Student organizations will have to start planning next year’s budgets early to apply for Student Association funding in late spring for 2013 allocations.
The Student Association Finance Committee is pushing its allocations process up to the spring semester, after the Center for Student Engagement announced a policy that will only allow new groups to form in the spring.
Finance committee chair Alex Mizenko said the move prevented a “logistical nightmare” for groups to wait weeks into the school year for allocations after launching in the spring.
He said the process will also help newly elected executive boards, typically selected in the spring, plan out yearly budgets early so they can get off the ground earlier in the fall.
In past years, groups submitted budgets in mid-September.
But the spring allocations could offer thousands fewer dollars for student organizations because the SA Finance Committee will have only an estimate of its funding pool.
The full budget will not be calculated until students’ credit hours for the fall are processed, Mizenko said.

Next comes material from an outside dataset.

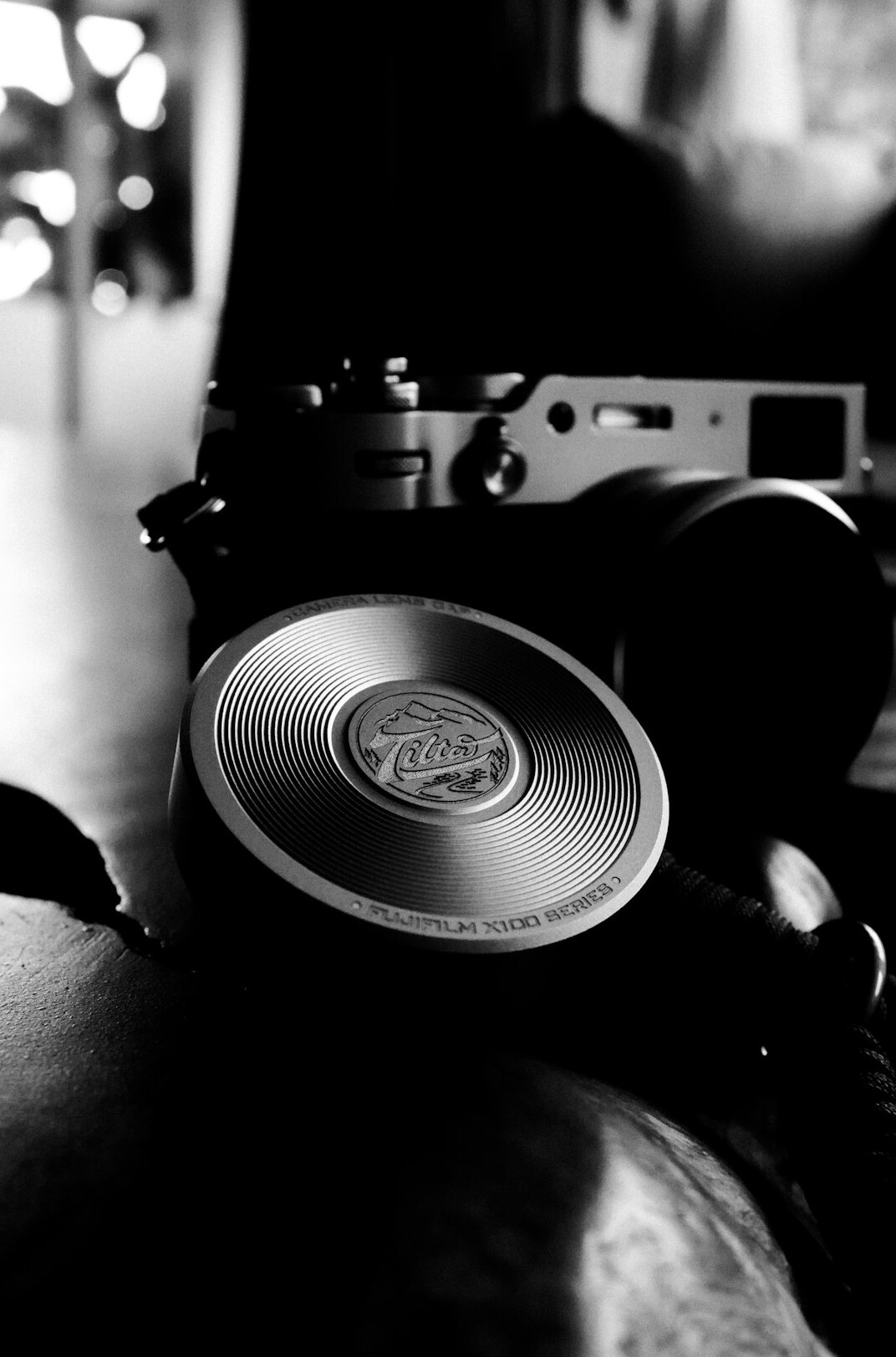 Photographer editing black and white photographs on a laptop in a studio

He said the organization will hold a second, smaller round of allocations in the fall, similar to the process currently held in the spring, in which about 15 percent of SA funds are doled out.
“We can’t over-allocate and then owe the University money,” Mizenko said, adding that the SA will count on organizations to be more frugal with their budgets and team up with similar groups for events.
The new allocations process marks the second major overhaul of the process in two years, after the SA created a new allocations process last year that gave out about 85 percent of its budget through fall allocations, rather than two rounds that gave out half the funding at a time.
Student organization registration for this fall will continue to remain open until Nov. 1. For the first time this year, new student organizations could launch without requesting funds from the SA.
The SA Senate passed its allocations bill Monday, doling out more than $800,000 of its total about $945,000 budget.
The Student Association earns $1.50 per credit hour from every student with a University match of 50 cents, but Mizenko said the funding is not enough to fund more than 500 student organizations.
The SA is also moving forward with a referendum to increase the student fee, which will go to a student-wide vote later this semester. The fee was last increased in 2008, adding an incremental 10-cent increase over the last five years.
The last increase took effect in fall 2011, leading this year’s Student Association budget to drop for the first time in five years.
“The student fee will play a big part in this. If it were to go up, we probably could safely allocate this year’s 85 percent, because we know we’ll have higher revenue,” Mizenko said.